* Raw data *
+ + + + + + +
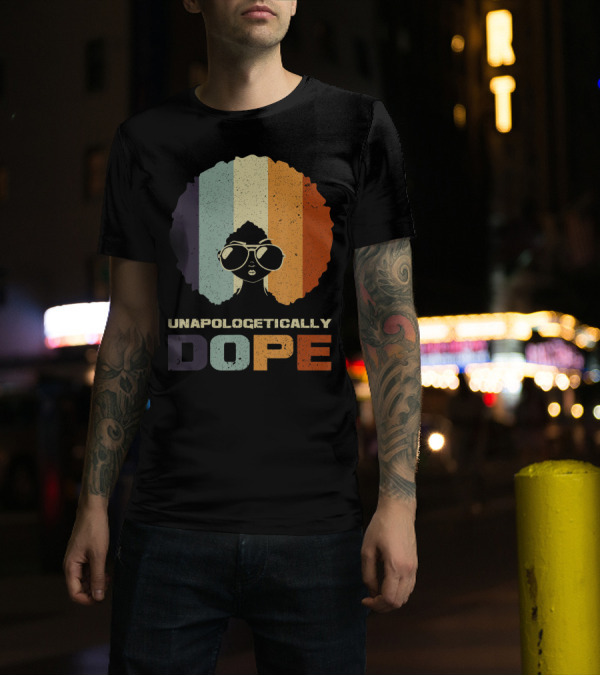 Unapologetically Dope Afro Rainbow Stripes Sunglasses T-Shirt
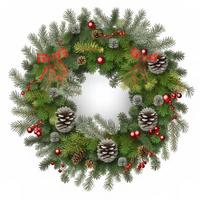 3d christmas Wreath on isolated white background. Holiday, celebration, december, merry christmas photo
+ + + + + + +
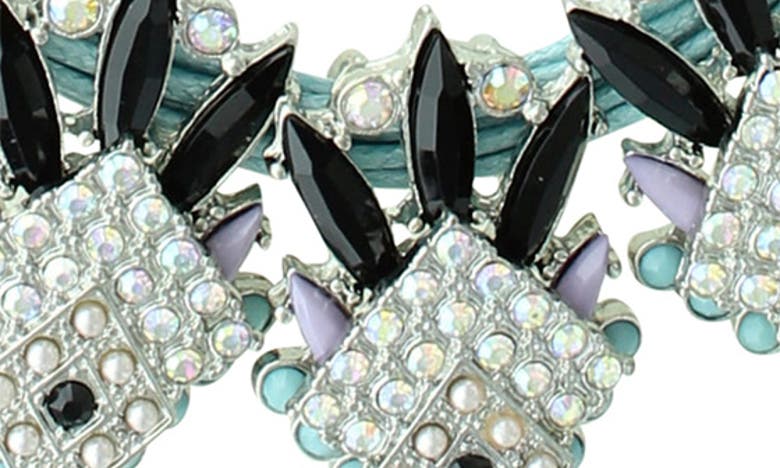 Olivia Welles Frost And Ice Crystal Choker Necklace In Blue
+ + + + + + +
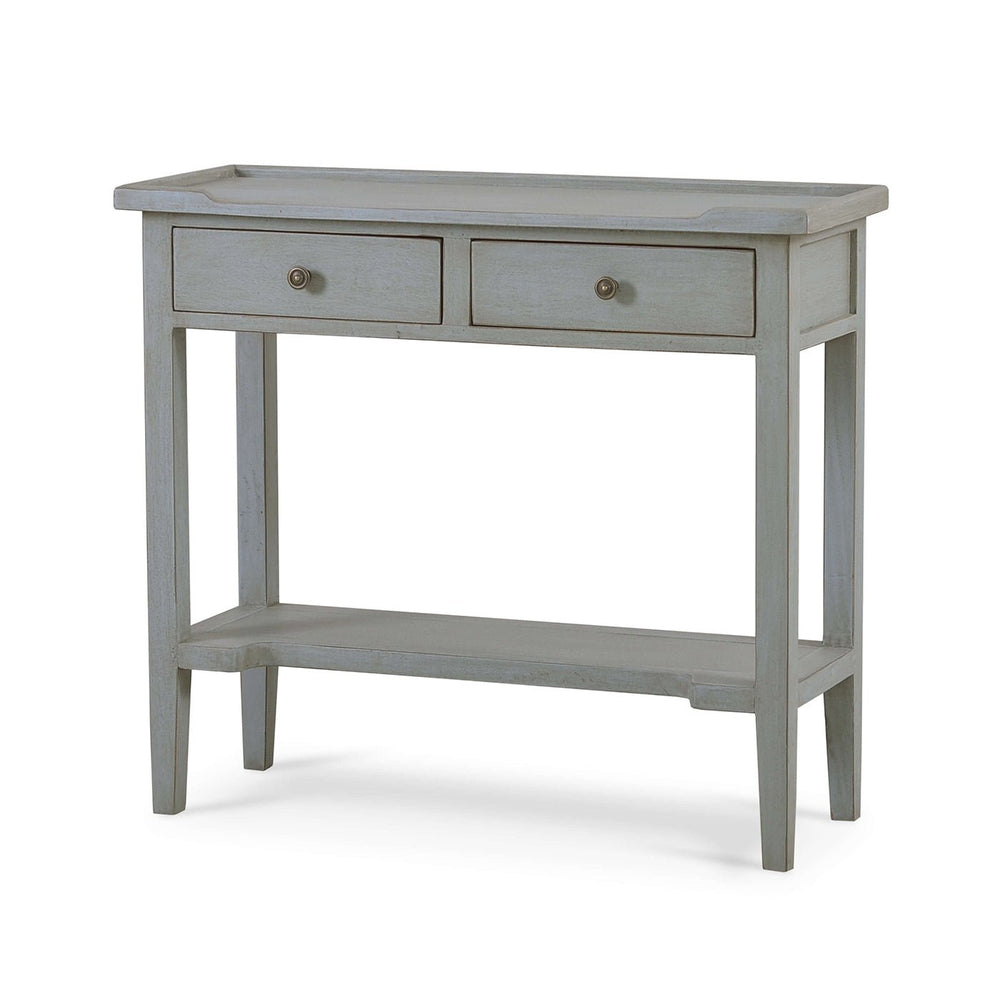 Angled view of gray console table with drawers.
+ + + + + + +
* Required work *
A verbatim reproduction is expected: starting at the line above that has "Unapologetically Dope Afro", ending at the line that has "3d christmas Wreath", both included, and with no pictures and no other lines.

* Exercise response *
 Unapologetically Dope Afro Rainbow Stripes Sunglasses T-Shirt
 3d christmas Wreath on isolated white background. Holiday, celebration, december, merry christmas photo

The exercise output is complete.